The problem:
Repeat precisely the span of lines below that opens with the line containing "Soccer Red Print Jersey-11" and closes with the line containing "TOMMY HILFIGER Womens", both included.
─── Material shown ───
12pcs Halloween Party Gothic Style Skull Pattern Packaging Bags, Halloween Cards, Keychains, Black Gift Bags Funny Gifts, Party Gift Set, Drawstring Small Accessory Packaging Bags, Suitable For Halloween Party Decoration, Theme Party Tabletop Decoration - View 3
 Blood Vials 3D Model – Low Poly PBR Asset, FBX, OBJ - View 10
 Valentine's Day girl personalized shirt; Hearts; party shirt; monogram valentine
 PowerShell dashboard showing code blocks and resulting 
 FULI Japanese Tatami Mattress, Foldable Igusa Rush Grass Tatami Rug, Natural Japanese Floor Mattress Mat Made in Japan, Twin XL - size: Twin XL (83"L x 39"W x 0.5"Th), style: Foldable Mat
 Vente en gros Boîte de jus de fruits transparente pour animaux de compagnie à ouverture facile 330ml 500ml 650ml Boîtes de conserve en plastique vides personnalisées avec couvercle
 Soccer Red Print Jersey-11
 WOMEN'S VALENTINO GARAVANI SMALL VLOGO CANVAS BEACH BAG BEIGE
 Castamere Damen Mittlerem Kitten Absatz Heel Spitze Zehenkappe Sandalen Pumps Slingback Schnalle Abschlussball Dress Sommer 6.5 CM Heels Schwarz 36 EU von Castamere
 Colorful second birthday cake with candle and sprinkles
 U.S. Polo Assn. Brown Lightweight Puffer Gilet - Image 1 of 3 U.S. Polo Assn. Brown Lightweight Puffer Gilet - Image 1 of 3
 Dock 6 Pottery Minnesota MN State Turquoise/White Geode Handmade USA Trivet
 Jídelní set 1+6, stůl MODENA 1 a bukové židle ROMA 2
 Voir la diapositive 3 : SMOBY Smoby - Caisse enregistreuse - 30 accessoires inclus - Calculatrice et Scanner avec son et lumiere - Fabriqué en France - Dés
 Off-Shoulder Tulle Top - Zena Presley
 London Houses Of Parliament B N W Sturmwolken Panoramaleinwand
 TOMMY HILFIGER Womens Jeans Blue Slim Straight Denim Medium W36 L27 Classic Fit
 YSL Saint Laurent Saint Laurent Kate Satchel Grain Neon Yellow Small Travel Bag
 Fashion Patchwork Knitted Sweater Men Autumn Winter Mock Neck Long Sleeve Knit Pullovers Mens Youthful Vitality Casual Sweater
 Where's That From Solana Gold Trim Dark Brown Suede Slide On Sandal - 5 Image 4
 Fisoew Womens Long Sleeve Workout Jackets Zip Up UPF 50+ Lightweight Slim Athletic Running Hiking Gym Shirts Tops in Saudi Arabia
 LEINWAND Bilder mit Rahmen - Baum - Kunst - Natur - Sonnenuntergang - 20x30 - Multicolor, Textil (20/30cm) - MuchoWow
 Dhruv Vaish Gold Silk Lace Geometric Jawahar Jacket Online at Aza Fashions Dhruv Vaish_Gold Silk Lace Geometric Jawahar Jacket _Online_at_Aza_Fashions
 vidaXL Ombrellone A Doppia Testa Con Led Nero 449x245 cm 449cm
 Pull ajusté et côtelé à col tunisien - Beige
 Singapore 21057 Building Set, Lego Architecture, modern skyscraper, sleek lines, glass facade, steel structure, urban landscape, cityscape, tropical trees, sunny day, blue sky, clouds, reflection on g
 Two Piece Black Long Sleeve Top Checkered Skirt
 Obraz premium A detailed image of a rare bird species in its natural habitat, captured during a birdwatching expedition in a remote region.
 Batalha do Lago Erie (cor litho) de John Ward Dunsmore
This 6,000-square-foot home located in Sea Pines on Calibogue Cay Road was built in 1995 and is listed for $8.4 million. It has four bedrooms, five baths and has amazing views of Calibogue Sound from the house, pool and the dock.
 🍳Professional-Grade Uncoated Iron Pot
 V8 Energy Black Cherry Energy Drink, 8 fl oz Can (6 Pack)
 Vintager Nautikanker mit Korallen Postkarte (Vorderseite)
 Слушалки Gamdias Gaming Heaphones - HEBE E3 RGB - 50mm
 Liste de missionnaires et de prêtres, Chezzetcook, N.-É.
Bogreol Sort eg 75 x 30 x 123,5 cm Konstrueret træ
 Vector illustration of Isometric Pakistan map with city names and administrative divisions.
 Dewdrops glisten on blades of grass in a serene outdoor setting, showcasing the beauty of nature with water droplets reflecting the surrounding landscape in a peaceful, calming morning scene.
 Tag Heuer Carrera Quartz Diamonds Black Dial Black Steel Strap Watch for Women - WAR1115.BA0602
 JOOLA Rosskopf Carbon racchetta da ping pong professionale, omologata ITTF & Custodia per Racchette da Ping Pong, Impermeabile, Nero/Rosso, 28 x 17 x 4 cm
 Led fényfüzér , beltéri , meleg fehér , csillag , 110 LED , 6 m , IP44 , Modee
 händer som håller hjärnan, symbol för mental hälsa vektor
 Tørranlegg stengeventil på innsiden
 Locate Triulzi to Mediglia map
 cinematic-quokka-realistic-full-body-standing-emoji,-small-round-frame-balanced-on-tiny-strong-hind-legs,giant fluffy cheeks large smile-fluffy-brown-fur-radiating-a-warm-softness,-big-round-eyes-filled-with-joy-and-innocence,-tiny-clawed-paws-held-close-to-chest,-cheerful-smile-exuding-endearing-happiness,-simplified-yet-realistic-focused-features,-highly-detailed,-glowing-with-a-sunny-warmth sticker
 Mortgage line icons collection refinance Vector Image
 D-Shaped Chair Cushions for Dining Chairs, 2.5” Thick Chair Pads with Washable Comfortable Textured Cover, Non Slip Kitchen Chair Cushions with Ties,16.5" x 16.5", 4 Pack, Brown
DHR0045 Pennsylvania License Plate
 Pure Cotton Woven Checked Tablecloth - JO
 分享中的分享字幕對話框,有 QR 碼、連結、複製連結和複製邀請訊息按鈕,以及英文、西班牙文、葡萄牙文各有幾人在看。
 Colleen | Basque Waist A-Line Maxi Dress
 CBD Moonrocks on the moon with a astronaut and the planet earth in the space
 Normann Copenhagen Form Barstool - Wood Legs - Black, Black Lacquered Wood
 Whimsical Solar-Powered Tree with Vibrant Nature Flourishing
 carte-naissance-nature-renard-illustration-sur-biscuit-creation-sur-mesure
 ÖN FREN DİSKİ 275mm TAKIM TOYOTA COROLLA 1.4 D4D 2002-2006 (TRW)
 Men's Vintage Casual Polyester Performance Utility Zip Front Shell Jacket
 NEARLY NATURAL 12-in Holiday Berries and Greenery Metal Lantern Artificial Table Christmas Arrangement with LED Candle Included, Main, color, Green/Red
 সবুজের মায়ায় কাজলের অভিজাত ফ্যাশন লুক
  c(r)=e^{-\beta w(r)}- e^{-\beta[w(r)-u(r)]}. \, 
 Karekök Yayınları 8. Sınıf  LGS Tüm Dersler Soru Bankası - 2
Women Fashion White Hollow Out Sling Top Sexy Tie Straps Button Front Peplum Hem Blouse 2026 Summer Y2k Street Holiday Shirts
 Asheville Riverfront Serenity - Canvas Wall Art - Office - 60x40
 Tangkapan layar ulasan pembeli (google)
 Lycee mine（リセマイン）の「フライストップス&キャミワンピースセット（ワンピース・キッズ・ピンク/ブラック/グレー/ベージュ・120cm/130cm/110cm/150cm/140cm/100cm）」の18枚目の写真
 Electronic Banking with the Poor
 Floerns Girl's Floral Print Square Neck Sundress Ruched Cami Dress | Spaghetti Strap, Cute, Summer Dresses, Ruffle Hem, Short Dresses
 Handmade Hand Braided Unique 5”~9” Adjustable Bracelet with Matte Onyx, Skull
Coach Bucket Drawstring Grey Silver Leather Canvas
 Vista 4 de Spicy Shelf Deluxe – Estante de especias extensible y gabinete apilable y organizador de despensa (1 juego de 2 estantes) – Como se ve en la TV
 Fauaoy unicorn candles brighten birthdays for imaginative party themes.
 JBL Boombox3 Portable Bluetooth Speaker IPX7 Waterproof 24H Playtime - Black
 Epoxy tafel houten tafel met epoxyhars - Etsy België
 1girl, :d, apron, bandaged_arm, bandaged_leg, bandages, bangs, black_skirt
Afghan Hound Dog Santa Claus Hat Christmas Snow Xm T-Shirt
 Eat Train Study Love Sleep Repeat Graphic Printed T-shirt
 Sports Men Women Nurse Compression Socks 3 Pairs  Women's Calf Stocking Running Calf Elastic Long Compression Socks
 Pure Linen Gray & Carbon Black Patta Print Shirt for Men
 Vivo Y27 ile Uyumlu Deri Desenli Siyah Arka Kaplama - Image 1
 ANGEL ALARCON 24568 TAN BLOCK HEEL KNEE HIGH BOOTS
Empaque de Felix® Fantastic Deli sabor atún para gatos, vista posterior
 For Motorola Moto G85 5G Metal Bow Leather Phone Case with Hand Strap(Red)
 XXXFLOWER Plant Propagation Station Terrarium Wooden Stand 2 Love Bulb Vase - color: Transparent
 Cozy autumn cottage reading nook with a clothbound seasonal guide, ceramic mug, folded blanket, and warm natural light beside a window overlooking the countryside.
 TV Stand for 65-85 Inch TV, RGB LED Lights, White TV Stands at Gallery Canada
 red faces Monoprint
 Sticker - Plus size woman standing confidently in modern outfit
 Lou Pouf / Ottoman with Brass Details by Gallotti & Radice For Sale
───
Response:
 Soccer Red Print Jersey-11
 WOMEN'S VALENTINO GARAVANI SMALL VLOGO CANVAS BEACH BAG BEIGE
 Castamere Damen Mittlerem Kitten Absatz Heel Spitze Zehenkappe Sandalen Pumps Slingback Schnalle Abschlussball Dress Sommer 6.5 CM Heels Schwarz 36 EU von Castamere
 Colorful second birthday cake with candle and sprinkles
 U.S. Polo Assn. Brown Lightweight Puffer Gilet - Image 1 of 3 U.S. Polo Assn. Brown Lightweight Puffer Gilet - Image 1 of 3
 Dock 6 Pottery Minnesota MN State Turquoise/White Geode Handmade USA Trivet
 Jídelní set 1+6, stůl MODENA 1 a bukové židle ROMA 2
 Voir la diapositive 3 : SMOBY Smoby - Caisse enregistreuse - 30 accessoires inclus - Calculatrice et Scanner avec son et lumiere - Fabriqué en France - Dés
 Off-Shoulder Tulle Top - Zena Presley
 London Houses Of Parliament B N W Sturmwolken Panoramaleinwand
 TOMMY HILFIGER Womens Jeans Blue Slim Straight Denim Medium W36 L27 Classic Fit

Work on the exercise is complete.